Nada mais incorrecto! Tanto o Francisco José como a Maria Francisca podem não transportar um mililitro de sangue camponês nem nunca se terem dedicado ao cultivo e comércio de produtos agrícolas.

O que os nossos supracitados conterrâneos arriscam ter em comum é a tão afamada Esperteza saloia, que os faz viver num mundo paralelo, onde a sua capacidade de visão é de tal forma magnânima que lhes permite vislumbrar mais alto e mais além do que os que os rodeiam, e em que se sentem os mais capazes da sua estirpe. 

Ao lidarmos com o chico-esperto luso durante algum tempo - e nem é preciso muito -, percebemos que o dito iluminado é sobremaneira grosseiro e tem tantas arestas por limar que dificilmente arredondará. Lá no seu pedestal convivem, as mais das vezes, a falta de educação, de civilidade e de bom gosto nos casos menos graves, a desonestidade e a velhacaria nos mais agudos.

Ao invés de se pautar por uma sagacidade digna de acelerar os processos sociais, a sua suposta inteligência é tão superficial, e a sua intuição de tal forma se imbebe do ego, que só faz retroceder qualquer intento de aproveitar os seus atributos no alcance do bem geral.

O chico-esperto coça, assim, para dentro. A sua cabeça é o seu guia - mesmo que careça da mais ligeira cartografia -, o seu estômago, onde se evidencia um umbigo proeminente, é o seu comandante. É por isso que o chico-esperto raramente faz engordar a satisfação alheia, putativa alegria essa que, diga-se, até lhe faz um nadinha de comichão.
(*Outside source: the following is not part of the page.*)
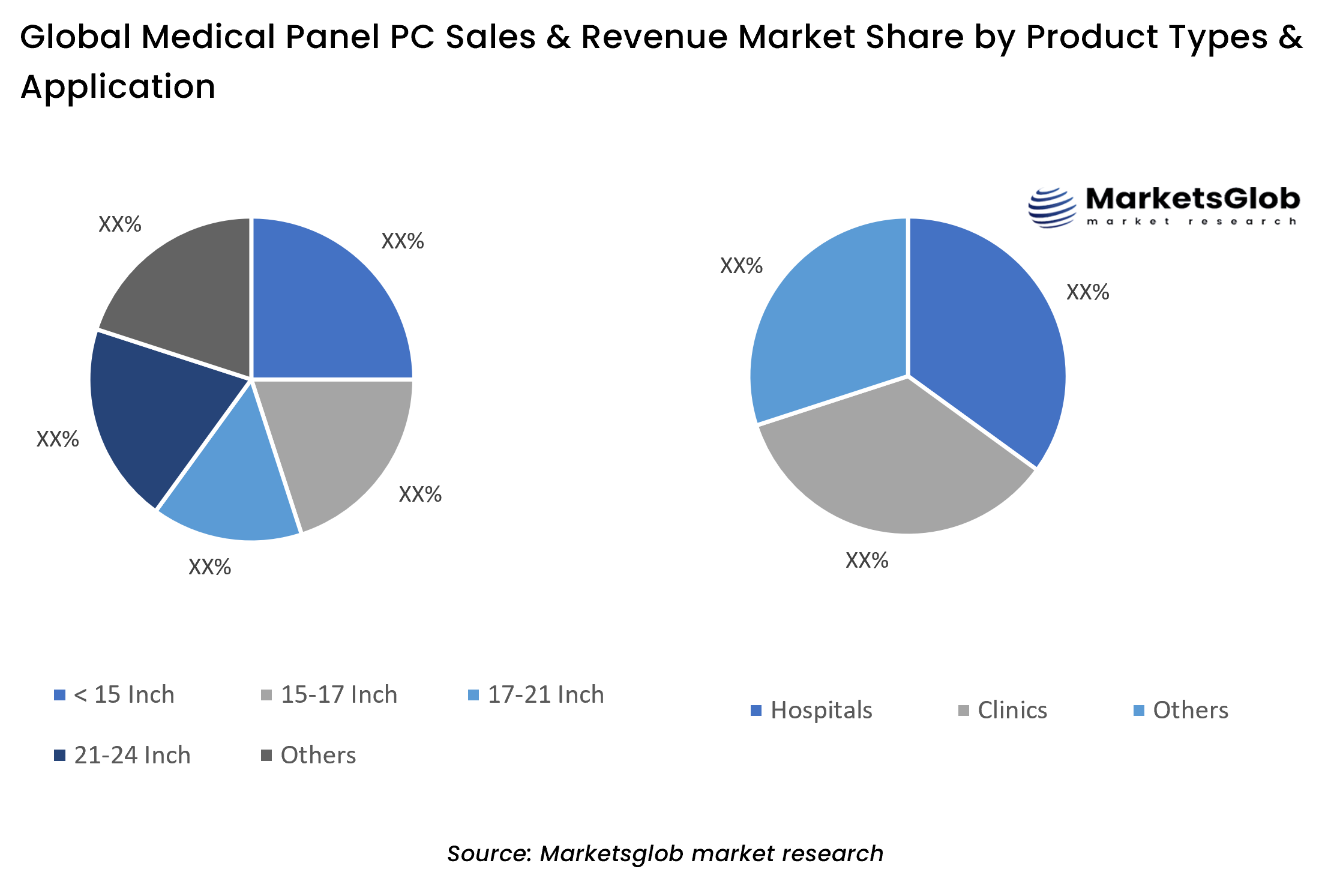 Medical Panel PC Share by Product Types & Application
É digno de pena, mas infelizmente sucede: a esperteza saloia faz por ser mesquinha, manhosa e matreira. Raramente o espertalhão declara ao que vem de peito aberto, as suas intenções são tão turvas como um rio poluído. É por isso que se confrange com a transparência e a limpidez: são águas onde não sabe habitualmente navegar.

O chico-esperto sabe mais a dormir do que o resto da população acordada. Os demais concidadãos andam só por ver andar. Quando se apodera de um tópico - e como ele gosta de agarrar essa oportunidade a fim de demonstrar a sua supremacia! -, faz uma pequena pausa inicial para deixar oxigenar a guelra do interlocutor; logo de seguida aferra-se ao tema, num debitar de tal forma egocêntrico de considerações, que o outro não mais consegue respirar.

Está visto que adora o palco, tendo no entanto especial apetência pelos jogos de bastidores onde opera pela calada. Pode supôr-se que terá eventualmente um séquito de delfins: errado!, o chico-esperto dá-se com toda a gente mas lá no fundo não confia em ninguém. 

Muitas das suas fabulosas composições terminam com o suspiro profundo: Ah, se fosse eu a mandar... Pois é, tem a secreta esperança de vir a governar lá na sua, ainda que pequena, esfera. Só que mais tarde ou mais cedo o chico-esperto cai em desgraça: não é possível enganar toda a gente durante todo o tempo. Além disso, deve ser um bocado cansativo.